In 1985, the nations of the world recognized that CFCs were a threat to our ozone layer. In 1987, a treaty to regulate CFCs was ready for signatures from countries around the world. By 1989, 193 countries had signed the Montreal Protocol, which phased down the production of CFCs. In the United States, the Clean Air Act of 1990 mandated that NASA and NOAA monitor the ozone hole. By 2011, every nation in the world had signed the Montreal Protocol.

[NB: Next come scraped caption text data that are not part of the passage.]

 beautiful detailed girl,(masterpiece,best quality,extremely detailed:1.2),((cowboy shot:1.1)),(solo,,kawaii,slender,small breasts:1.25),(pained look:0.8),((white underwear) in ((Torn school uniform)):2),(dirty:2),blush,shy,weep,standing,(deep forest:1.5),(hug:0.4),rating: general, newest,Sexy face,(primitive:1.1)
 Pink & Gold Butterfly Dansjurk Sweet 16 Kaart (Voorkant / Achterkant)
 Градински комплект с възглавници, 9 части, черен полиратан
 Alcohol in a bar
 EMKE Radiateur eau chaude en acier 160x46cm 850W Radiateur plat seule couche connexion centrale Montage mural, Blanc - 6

"Atmospheric ozone is no longer declining because concentrations of ozone-depleting chemicals stopped increasing and are now declining," says Flynn.

Future of Recovery

But the atmosphere does not have a straight line to recovery. The same chemistry that creates the Antarctic ozone hole also takes place in the Arctic. The Arctic stratosphere is not as cold and isolated as in the Antarctic, so ozone depletion does not usually reach the very low levels seen in the ozone hole. In the winter of 2011, ozone depletion in the Arctic was very large because of a colder than usual winter. Colder temperatures lead to increased presence of polar stratospheric clouds; ice crystals in these clouds speeds up chemical reactions that break down ozone.

Matt DeLand, chief research scientist for Science Systems and Applications, Inc., said satellite monitoring of the ozone layer has become increasingly important since budget cuts have scaled back ground-based monitoring in many places.

"We are seeing that while the overall ozone layer is getting better, we still see changes in the Arctic," DeLand said. "We shouldn't relax." While CFCs have been regulated, greenhouse gases continue to increase, and these gases may have unrecognized effects on our ozone layer.

Laura Betz
NASA's Goddard Space Flight Center, Greenbelt, Md.